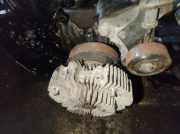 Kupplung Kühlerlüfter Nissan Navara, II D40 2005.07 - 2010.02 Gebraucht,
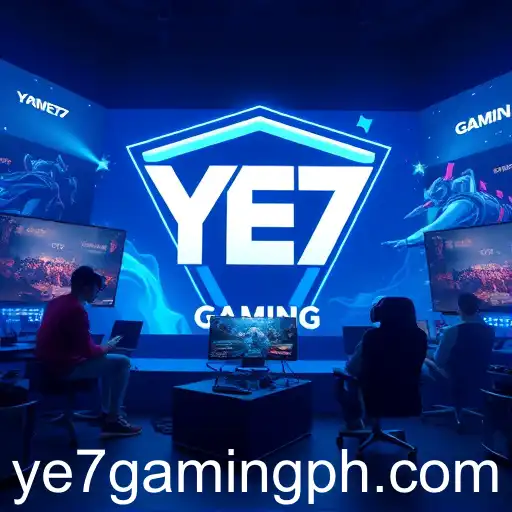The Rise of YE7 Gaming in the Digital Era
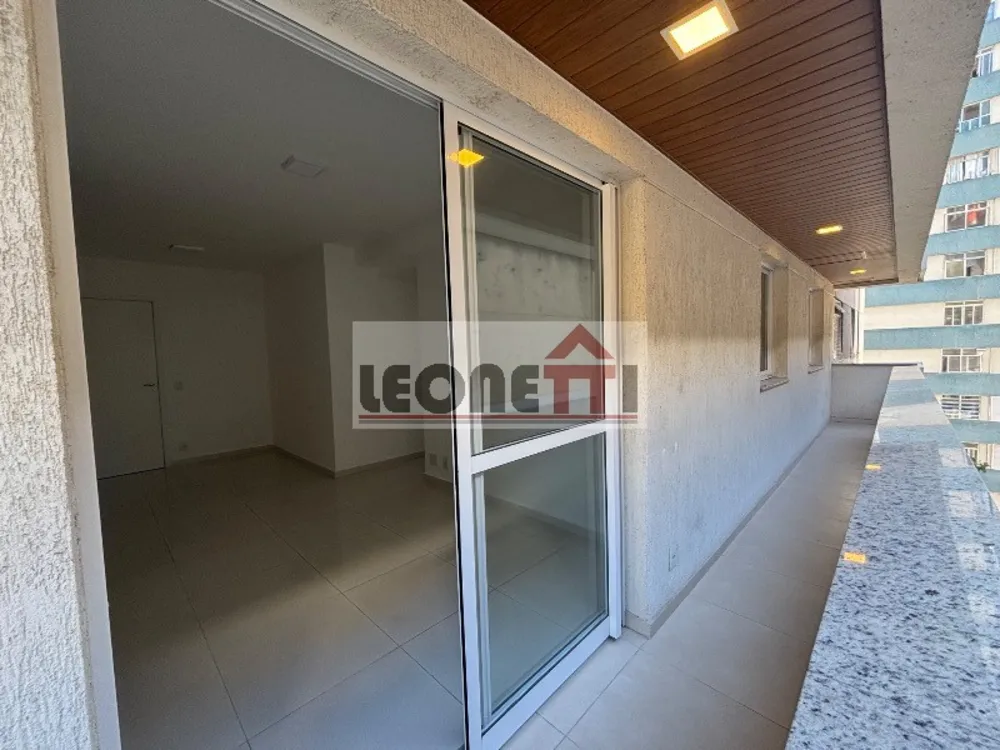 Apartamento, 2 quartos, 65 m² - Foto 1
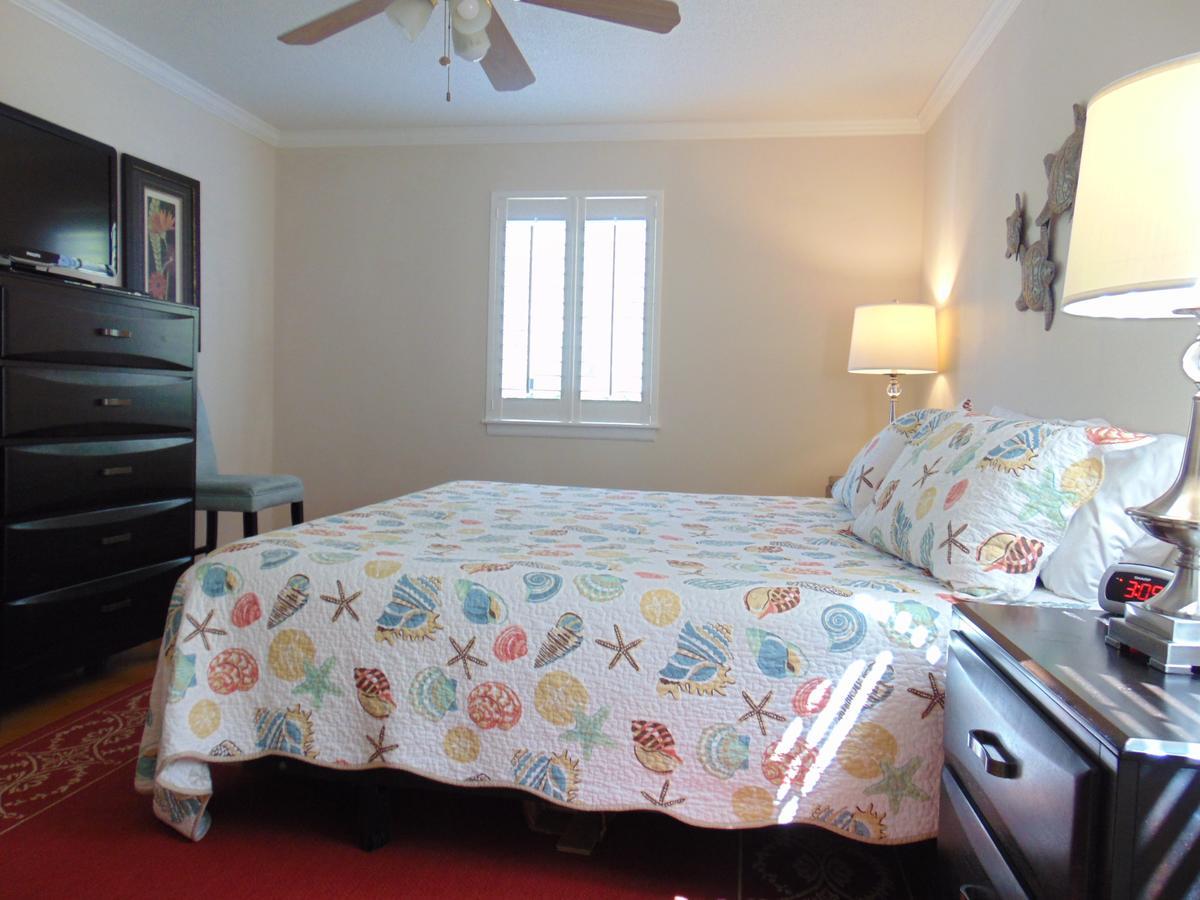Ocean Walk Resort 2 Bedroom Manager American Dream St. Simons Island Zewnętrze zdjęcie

WHAT TO PRODUCE :: I would like the material above returned exactly as it stands, without its pictures.

COMPLETED TASK ::
 Kupplung Kühlerlüfter Nissan Navara, II D40 2005.07 - 2010.02 Gebraucht,
The Rise of YE7 Gaming in the Digital Era
 Apartamento, 2 quartos, 65 m² - Foto 1
Ocean Walk Resort 2 Bedroom Manager American Dream St. Simons Island Zewnętrze zdjęcie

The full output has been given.